Available records Block Start

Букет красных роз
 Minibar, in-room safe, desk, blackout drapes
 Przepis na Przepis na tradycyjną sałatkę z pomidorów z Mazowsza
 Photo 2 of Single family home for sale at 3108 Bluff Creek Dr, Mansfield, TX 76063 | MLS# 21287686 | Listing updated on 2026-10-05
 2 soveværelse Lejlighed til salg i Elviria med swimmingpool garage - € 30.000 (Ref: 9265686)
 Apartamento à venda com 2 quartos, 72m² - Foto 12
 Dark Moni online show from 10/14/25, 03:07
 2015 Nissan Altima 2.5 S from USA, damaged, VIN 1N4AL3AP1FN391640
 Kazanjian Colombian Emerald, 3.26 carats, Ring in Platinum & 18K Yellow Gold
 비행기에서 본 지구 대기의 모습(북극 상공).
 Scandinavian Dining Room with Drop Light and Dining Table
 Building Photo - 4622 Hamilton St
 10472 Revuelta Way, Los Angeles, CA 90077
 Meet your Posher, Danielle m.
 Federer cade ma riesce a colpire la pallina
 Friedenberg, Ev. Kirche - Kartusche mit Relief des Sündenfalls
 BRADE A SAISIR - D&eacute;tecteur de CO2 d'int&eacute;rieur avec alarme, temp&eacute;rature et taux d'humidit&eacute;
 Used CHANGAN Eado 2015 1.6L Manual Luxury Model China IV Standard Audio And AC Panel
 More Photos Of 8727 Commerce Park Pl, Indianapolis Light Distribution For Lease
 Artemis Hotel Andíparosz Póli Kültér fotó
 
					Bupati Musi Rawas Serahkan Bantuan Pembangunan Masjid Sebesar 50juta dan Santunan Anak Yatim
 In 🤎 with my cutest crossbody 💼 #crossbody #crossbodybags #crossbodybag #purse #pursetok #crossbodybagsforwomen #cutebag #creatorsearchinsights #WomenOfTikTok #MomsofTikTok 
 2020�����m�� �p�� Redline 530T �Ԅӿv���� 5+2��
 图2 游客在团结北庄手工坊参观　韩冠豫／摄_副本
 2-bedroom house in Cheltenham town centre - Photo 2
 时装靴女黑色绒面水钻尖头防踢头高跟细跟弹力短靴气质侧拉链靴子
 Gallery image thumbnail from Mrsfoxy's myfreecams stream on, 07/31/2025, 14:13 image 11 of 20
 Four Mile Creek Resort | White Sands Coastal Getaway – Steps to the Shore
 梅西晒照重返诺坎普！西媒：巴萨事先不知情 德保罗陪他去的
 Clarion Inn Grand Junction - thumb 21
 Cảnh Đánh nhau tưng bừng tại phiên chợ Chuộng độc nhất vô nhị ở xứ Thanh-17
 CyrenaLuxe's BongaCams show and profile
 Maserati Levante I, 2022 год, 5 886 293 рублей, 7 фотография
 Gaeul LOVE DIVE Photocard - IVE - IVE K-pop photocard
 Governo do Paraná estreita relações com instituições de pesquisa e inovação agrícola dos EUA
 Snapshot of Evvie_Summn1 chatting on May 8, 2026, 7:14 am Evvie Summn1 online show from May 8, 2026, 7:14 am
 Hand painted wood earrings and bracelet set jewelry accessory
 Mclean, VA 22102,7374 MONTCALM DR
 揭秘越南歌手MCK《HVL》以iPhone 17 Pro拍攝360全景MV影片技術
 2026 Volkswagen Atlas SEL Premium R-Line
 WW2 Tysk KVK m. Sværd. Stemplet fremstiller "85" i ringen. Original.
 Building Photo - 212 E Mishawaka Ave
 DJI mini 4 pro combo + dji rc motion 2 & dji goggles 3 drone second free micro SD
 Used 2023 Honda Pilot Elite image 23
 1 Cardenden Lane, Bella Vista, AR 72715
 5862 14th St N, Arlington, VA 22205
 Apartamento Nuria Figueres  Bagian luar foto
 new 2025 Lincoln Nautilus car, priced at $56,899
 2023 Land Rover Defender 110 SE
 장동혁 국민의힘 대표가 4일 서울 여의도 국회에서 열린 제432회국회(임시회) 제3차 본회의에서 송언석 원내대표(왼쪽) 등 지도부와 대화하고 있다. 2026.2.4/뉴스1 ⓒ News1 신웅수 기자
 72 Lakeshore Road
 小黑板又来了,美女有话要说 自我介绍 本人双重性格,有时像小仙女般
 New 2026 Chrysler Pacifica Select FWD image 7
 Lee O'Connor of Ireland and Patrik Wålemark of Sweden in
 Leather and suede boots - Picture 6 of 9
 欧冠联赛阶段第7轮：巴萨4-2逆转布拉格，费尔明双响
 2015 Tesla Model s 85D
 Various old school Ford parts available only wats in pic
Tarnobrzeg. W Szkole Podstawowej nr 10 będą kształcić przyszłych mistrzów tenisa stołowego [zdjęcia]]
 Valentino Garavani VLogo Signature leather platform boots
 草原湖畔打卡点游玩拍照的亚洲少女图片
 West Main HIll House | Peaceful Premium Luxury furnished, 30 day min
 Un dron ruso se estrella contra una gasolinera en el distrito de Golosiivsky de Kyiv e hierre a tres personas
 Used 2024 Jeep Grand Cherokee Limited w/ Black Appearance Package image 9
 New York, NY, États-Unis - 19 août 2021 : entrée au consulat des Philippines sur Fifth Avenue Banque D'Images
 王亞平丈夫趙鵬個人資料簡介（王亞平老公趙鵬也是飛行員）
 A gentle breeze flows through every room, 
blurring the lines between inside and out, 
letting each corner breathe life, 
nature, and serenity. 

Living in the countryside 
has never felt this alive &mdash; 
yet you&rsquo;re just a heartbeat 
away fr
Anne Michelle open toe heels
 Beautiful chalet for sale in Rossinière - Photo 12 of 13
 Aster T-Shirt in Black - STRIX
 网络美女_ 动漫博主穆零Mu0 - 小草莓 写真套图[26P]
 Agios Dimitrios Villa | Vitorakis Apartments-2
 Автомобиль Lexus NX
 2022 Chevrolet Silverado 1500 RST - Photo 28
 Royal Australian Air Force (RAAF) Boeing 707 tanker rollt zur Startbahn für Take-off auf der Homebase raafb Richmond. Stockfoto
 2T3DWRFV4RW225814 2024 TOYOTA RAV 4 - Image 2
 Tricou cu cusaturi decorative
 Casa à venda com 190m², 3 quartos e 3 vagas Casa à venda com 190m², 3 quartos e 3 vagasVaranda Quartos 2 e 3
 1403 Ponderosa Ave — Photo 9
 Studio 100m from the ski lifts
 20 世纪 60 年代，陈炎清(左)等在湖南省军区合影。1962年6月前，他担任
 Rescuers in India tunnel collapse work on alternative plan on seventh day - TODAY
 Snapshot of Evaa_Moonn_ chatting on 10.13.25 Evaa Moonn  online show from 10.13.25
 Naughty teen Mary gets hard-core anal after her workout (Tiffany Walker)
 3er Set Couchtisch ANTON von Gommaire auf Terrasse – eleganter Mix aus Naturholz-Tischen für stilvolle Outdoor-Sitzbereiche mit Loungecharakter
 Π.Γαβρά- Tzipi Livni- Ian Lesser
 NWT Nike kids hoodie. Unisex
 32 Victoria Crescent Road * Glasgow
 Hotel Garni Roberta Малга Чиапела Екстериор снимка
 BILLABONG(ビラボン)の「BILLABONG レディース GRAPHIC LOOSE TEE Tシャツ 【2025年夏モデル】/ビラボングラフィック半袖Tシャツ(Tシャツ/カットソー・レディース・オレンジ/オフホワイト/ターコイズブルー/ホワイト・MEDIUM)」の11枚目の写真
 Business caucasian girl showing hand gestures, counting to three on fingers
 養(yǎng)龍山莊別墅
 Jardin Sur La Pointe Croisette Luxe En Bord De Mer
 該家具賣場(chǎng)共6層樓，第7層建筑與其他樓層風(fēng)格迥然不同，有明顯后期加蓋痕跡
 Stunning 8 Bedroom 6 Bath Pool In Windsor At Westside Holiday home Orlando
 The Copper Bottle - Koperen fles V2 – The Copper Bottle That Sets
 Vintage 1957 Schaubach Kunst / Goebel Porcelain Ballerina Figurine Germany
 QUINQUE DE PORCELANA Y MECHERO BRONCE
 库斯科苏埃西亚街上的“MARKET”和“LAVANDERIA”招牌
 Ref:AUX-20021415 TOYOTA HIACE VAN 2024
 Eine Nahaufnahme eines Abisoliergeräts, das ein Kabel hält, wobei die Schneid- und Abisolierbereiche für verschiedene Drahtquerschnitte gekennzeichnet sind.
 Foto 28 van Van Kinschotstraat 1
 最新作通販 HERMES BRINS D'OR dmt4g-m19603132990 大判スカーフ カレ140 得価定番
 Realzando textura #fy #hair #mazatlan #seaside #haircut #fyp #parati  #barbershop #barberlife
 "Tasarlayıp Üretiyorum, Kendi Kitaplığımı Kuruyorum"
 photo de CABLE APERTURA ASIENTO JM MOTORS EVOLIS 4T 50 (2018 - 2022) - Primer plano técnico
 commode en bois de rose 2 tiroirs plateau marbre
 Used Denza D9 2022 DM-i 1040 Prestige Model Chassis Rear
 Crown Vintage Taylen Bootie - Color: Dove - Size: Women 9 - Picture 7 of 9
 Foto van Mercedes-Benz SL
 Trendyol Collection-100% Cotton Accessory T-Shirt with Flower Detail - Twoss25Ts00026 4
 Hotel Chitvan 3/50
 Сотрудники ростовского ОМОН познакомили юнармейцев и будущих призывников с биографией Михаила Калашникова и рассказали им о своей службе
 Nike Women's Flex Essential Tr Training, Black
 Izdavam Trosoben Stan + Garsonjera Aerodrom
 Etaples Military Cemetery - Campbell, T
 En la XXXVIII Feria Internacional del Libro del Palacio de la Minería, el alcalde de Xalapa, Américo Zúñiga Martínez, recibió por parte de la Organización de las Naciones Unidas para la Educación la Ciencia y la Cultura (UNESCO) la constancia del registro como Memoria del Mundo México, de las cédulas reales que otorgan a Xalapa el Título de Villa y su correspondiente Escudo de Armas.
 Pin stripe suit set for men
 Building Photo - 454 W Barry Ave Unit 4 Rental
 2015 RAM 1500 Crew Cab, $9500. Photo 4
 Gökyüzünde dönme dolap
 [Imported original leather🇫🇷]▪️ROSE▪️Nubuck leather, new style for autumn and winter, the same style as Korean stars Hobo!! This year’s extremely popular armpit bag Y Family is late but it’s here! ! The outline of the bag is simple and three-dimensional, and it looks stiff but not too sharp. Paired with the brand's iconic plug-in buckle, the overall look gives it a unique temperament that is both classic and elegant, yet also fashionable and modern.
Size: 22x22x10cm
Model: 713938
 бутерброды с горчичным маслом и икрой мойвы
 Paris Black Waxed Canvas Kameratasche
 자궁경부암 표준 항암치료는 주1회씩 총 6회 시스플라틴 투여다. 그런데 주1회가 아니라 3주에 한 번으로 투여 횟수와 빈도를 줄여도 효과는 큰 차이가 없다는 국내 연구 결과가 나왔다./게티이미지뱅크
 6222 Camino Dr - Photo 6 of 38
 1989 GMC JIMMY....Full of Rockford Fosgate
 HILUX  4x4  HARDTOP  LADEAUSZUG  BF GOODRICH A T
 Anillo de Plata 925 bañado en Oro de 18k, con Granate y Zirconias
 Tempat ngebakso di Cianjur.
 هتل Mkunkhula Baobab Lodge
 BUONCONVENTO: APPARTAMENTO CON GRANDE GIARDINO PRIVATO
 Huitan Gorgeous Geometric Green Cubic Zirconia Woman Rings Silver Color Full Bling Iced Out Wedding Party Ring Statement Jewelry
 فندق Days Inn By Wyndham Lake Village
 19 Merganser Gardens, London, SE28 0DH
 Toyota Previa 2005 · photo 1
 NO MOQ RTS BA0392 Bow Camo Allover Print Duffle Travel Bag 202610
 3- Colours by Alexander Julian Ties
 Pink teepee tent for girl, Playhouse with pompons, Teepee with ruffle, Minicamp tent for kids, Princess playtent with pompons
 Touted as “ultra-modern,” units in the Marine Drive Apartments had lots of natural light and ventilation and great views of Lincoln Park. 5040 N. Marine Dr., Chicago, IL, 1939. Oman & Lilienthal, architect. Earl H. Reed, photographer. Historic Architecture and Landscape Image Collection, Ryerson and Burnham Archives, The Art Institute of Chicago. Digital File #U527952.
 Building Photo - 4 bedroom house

Available records Block End

### [What is needed]
Write down again, exactly as given, only the lines above that fall from the line with "Tricou cu cusaturi decorative" to the line with "Stunning 8 Bedroom", inclusive.

### [Result]
 Tricou cu cusaturi decorative
 Casa à venda com 190m², 3 quartos e 3 vagas Casa à venda com 190m², 3 quartos e 3 vagasVaranda Quartos 2 e 3
 1403 Ponderosa Ave — Photo 9
 Studio 100m from the ski lifts
 20 世纪 60 年代，陈炎清(左)等在湖南省军区合影。1962年6月前，他担任
 Rescuers in India tunnel collapse work on alternative plan on seventh day - TODAY
 Snapshot of Evaa_Moonn_ chatting on 10.13.25 Evaa Moonn  online show from 10.13.25
 Naughty teen Mary gets hard-core anal after her workout (Tiffany Walker)
 3er Set Couchtisch ANTON von Gommaire auf Terrasse – eleganter Mix aus Naturholz-Tischen für stilvolle Outdoor-Sitzbereiche mit Loungecharakter
 Π.Γαβρά- Tzipi Livni- Ian Lesser
 NWT Nike kids hoodie. Unisex
 32 Victoria Crescent Road * Glasgow
 Hotel Garni Roberta Малга Чиапела Екстериор снимка
 BILLABONG(ビラボン)の「BILLABONG レディース GRAPHIC LOOSE TEE Tシャツ 【2025年夏モデル】/ビラボングラフィック半袖Tシャツ(Tシャツ/カットソー・レディース・オレンジ/オフホワイト/ターコイズブルー/ホワイト・MEDIUM)」の11枚目の写真
 Business caucasian girl showing hand gestures, counting to three on fingers
 養(yǎng)龍山莊別墅
 Jardin Sur La Pointe Croisette Luxe En Bord De Mer
 該家具賣場(chǎng)共6層樓，第7層建筑與其他樓層風(fēng)格迥然不同，有明顯后期加蓋痕跡
 Stunning 8 Bedroom 6 Bath Pool In Windsor At Westside Holiday home Orlando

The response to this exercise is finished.